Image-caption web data

───

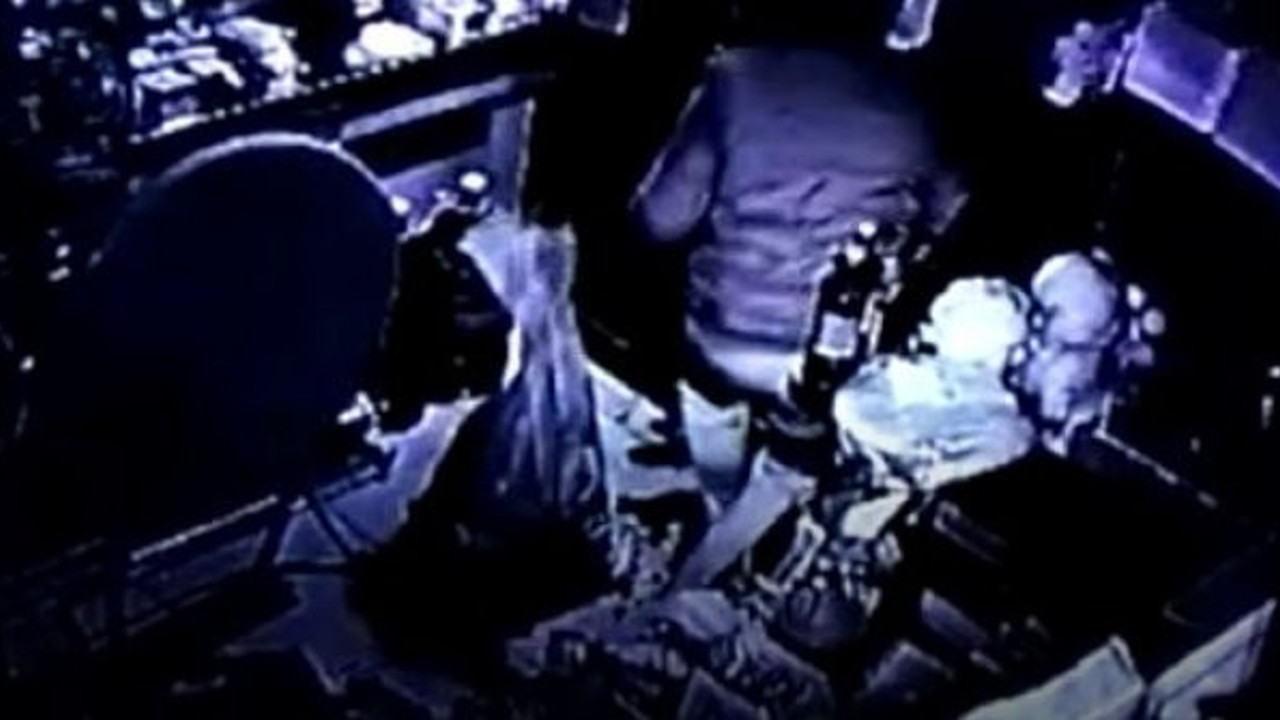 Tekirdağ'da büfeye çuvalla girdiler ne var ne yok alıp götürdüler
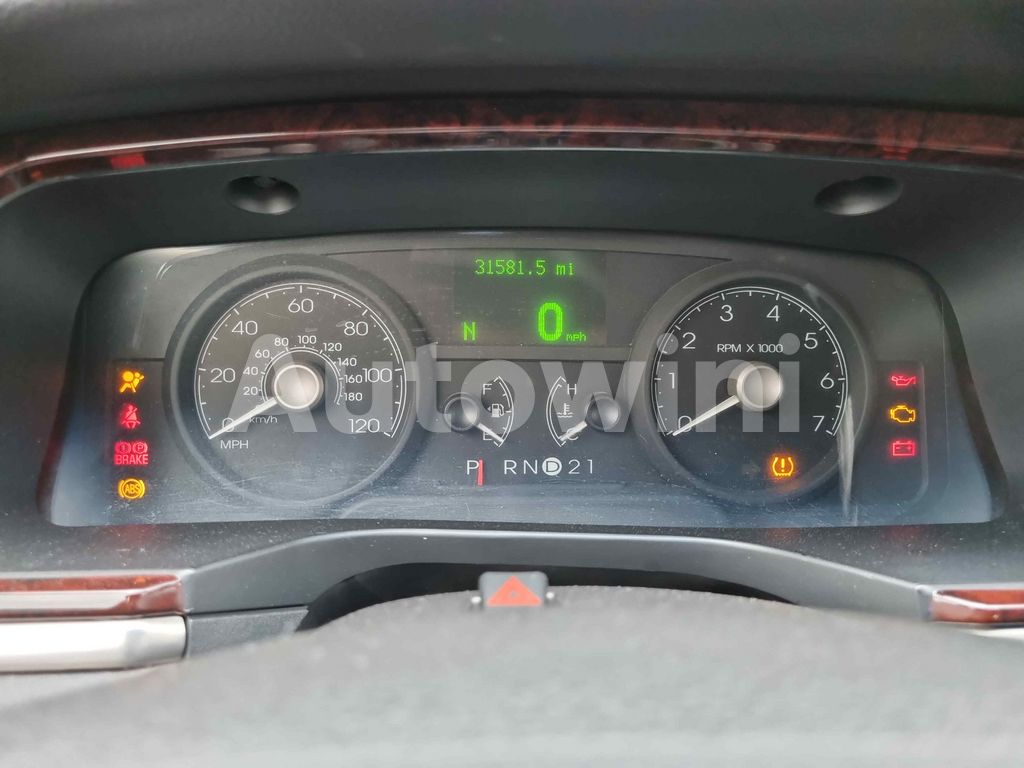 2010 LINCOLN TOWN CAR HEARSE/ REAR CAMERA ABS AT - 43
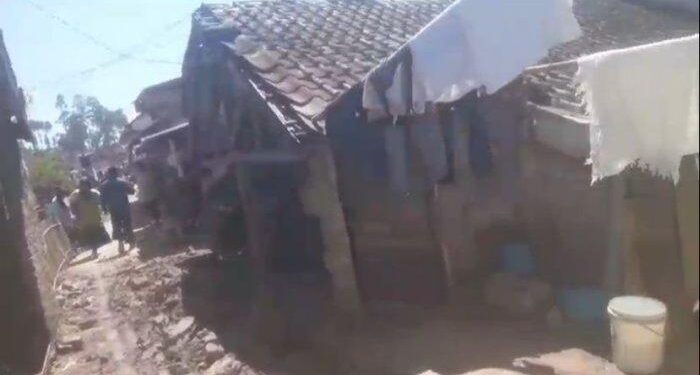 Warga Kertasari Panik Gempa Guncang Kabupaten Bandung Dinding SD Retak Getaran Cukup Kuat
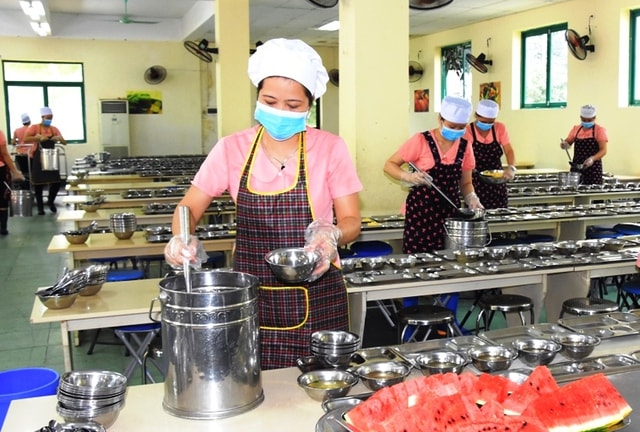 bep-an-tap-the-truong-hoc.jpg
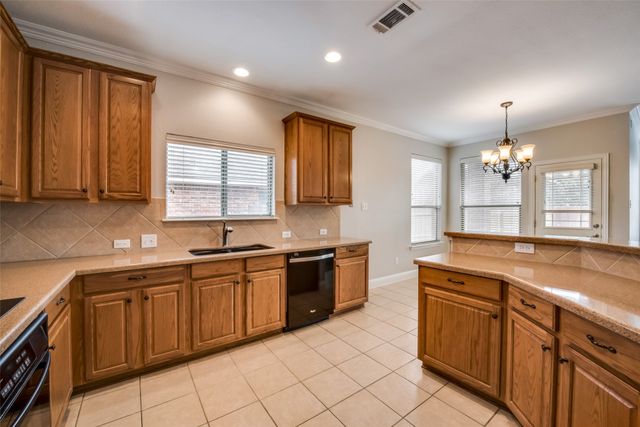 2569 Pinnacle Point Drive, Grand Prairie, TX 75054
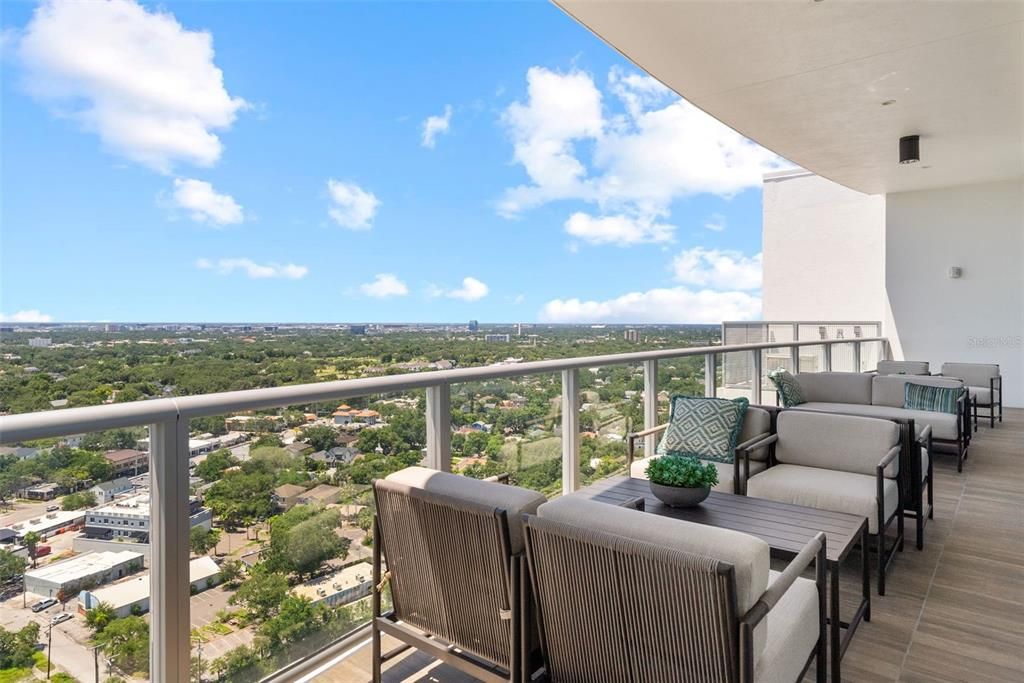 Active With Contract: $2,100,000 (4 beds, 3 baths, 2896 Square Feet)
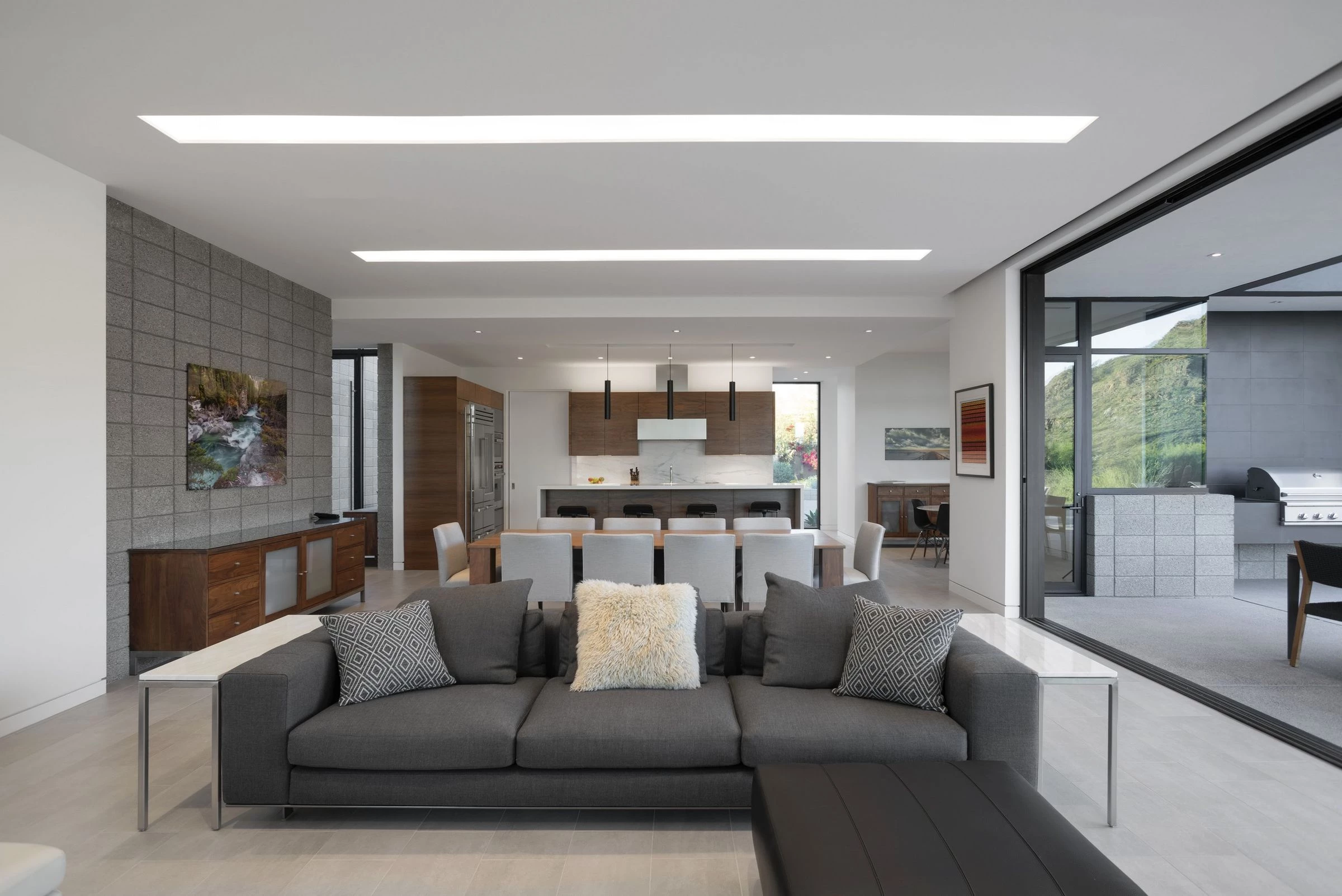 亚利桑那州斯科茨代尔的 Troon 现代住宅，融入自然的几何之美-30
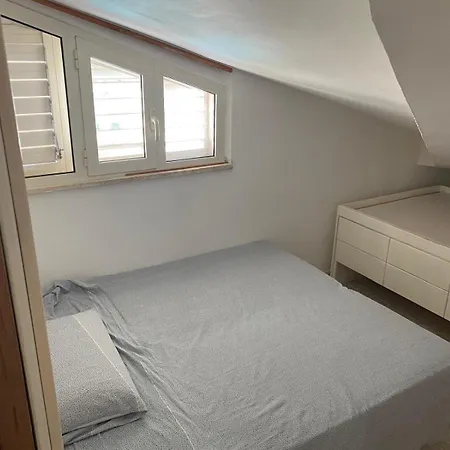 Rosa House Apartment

───

--- What the exercise asks ---
Reproduce exactly and only the lines from the one with "bep-an-tap-the-truong-hoc.jpg" through the last entry, both included, excluding every picture.

--- Answer section ---
 bep-an-tap-the-truong-hoc.jpg
 2569 Pinnacle Point Drive, Grand Prairie, TX 75054
 Active With Contract: $2,100,000 (4 beds, 3 baths, 2896 Square Feet)
 亚利桑那州斯科茨代尔的 Troon 现代住宅，融入自然的几何之美-30
 Rosa House Apartment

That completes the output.